Financial aid programs are administered by the university. The federal government provides the university with a fixed annual allocation, which is awarded by the financial aid administrator to deserving students. Such programs include the Perkins Loan, Supplemental Education Opportunity Grant and Federal Work-Study. Note that there is no guarantee that every eligible student will receive financial aid through these programs, because the awards are made from a fixed pool of money.

Student Assistant

A student assistant is a student who is employed by CCGA as a part-time worker. This term is sometimes erroneously used to refer to the Federal Work-Study Program.

Cost of Attendance (COA)

(Also known as the cost of education or "budget") The total amount it should cost the student to go to school, including tuition and fees, room and board, allowances for books and supplies, transportation, and personal and incidental expenses.

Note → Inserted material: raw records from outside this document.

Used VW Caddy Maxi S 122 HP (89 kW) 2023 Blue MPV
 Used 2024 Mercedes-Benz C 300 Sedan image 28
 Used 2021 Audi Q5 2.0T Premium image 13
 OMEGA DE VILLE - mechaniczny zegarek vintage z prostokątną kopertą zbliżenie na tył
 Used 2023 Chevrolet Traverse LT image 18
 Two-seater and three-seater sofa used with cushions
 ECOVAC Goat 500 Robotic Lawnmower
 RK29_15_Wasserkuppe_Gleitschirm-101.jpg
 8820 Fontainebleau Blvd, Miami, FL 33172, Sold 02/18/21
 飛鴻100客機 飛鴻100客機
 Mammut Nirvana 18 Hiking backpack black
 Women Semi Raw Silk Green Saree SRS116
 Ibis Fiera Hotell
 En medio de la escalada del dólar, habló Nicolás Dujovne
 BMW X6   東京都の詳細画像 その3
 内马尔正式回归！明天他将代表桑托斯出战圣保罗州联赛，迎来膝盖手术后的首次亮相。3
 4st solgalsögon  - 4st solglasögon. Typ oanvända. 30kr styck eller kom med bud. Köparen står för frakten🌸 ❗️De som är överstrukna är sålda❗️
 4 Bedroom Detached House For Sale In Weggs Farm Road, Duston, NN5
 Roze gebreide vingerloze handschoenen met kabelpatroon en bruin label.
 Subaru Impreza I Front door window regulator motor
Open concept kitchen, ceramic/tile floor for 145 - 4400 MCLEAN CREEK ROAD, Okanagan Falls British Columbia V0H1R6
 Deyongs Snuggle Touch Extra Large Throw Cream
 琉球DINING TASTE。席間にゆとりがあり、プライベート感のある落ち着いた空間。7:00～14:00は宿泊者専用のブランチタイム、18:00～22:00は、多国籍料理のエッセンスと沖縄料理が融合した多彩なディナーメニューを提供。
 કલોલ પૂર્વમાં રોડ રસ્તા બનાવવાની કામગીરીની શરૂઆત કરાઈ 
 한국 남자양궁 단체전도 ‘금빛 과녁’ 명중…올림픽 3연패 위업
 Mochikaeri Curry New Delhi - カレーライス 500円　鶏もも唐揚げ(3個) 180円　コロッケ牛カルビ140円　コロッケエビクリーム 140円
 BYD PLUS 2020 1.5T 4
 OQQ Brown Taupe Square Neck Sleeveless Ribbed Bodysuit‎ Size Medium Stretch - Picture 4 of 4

Schools may establish different standard budget amounts for students living on-campus and off-campus, married and unmarried students and in-state and out-of-state students.

Custodial Parent

If a student's parents are divorced or separated, the custodial parent is the one with whom the student lived the most during the past 12 months. The student's need analysis is based on financial information supplied by the custodial parent.

Default

A loan is in default when the borrower fails to pay several regular installments on time (i.e., payments overdue by 180 days) or otherwise fails to meet the terms and conditions of the loan. If you default on a loan, the university, the holder of the loan, the state government and the federal government can take legal action to recover the money, including garnishing your wages and withholding income tax refunds. Defaulting on a government loan will make you ineligible for future federal financial aid, unless a satisfactory repayment schedule is arranged, and can affect your credit rating.

Deferment

Occurs when a borrower is allowed to postpone repaying the loan. If you have a subsidized loan, the federal government pays the interest charges during the deferment period. If you have an unsubsidized loan, you are responsible for the interest that accrues during the deferment period. You can still postpone paying the interest charges by capitalizing the interest, which increases the size of the loan. Most federal loan programs allow students to defer their loans while they are in school at least half time. If you don't qualify for a deferment, you may be able to get forbearance. You can't get a deferment if your loan is in default.

Delinquent

If the borrower fails to make a payment on time, the borrower is considered delinquent and late fees may be charged. If the borrower misses several payments, the loan goes into default.

Dependent

For a child or other person to be considered your dependent, they must live with you and you must provide them with more than half of their support. Spouses do not count as dependents in the Federal Methodology. You and your spouse cannot both claim the same child as a dependent. (See also Independent.)

Disclosure Statement

Provides the borrower with information about the actual cost of the loan, including the interest rate, origination, insurance, loan fees and any other types of finance charges. Lenders are required to provide the borrower with a disclosure statement before issuing a loan.

Eligible Non-Citizen

Someone who is not a US citizen but is nevertheless eligible for Federal student aid. Eligible non-citizens include US permanent residents who are holders of valid green cards, US nationals, holders of form I-94 who have been granted refugee or asylum status and certain other non-citizens. Non-citizens who hold a student visa or an exchange visitor visa are not eligible for Federal student aid.

Emancipated

To release a child from the control of a parent or guardian. Declaring a child to be legally emancipated is not sufficient to release the parents or legal guardians from being responsible for providing for the child's education. The criteria for a child to be found independent are much stricter.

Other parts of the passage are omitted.